• EXERCISE AIM: Print the lines below word for word, beginning with the first and ending with the line that holds "Lira 8100011 Kit", and skip every picture.

• DATA BLOCK:

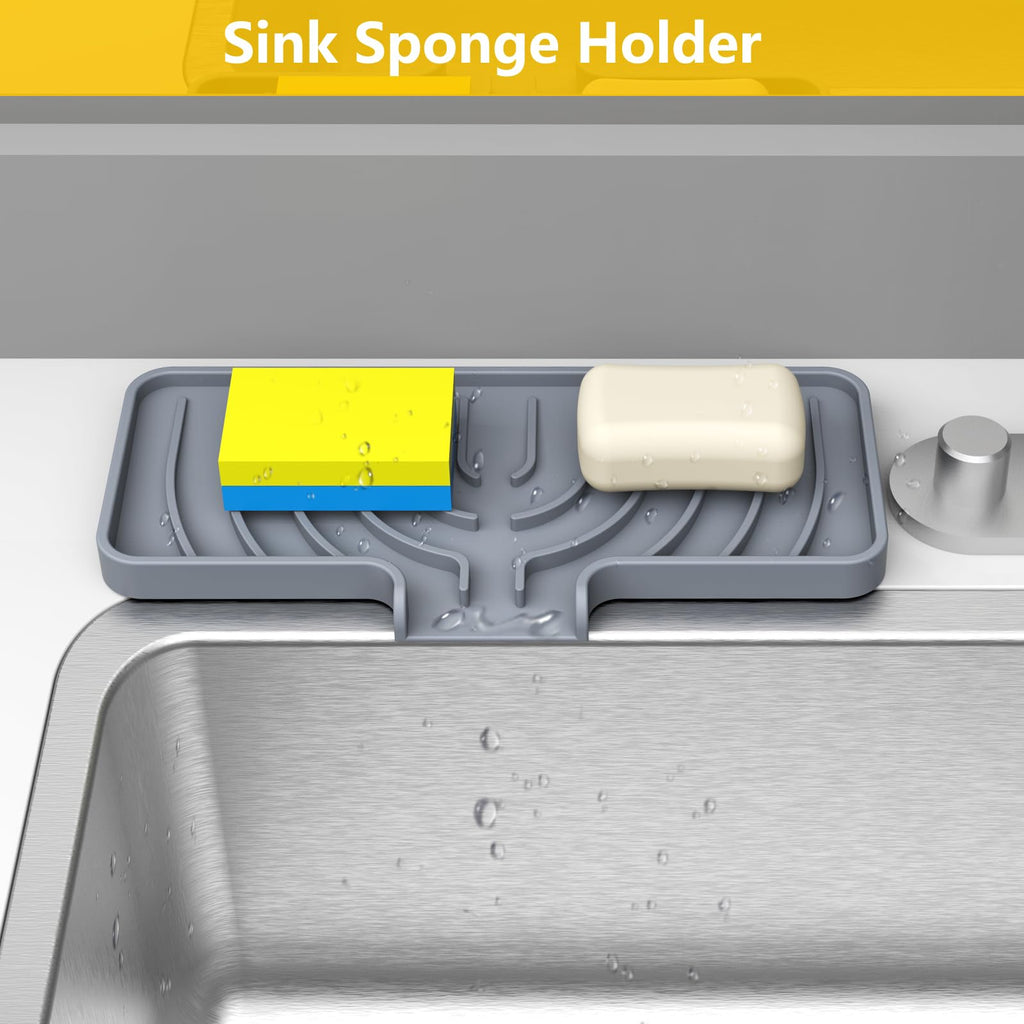 JOOKKI Sponge Holder for Kitchen Sink, Soap Tray for Sink & Counter, 9.8"×4.9" Soap Dish Mat, Silicone with Drain, Perfect for Kitchen, Scrubber, Bottle, Cup (Gray)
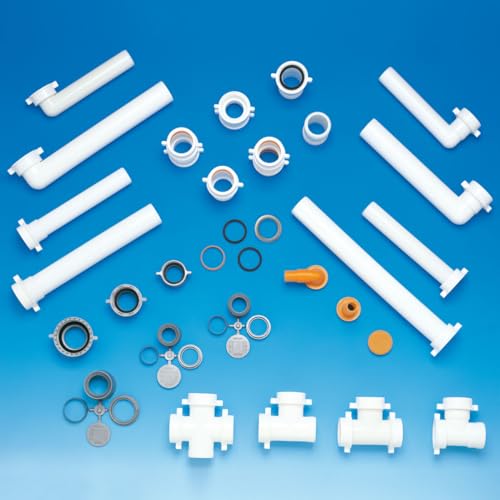 Lira 8100011 Kit Utility Assortimento Ricambi Sifoni 38 Pezzi Assortiti, Bianco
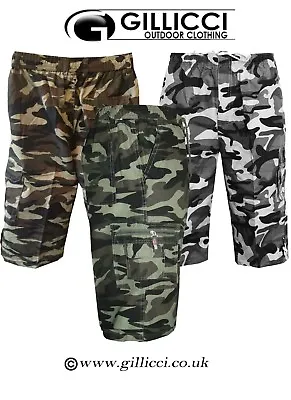 Men Casual Camo Camouflauge Army Woodland Printed Combat Cargo 3/4 Three Quarter • £11.49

• REPLY TO THE TASK:
 JOOKKI Sponge Holder for Kitchen Sink, Soap Tray for Sink & Counter, 9.8"×4.9" Soap Dish Mat, Silicone with Drain, Perfect for Kitchen, Scrubber, Bottle, Cup (Gray)
 Lira 8100011 Kit Utility Assortimento Ricambi Sifoni 38 Pezzi Assortiti, Bianco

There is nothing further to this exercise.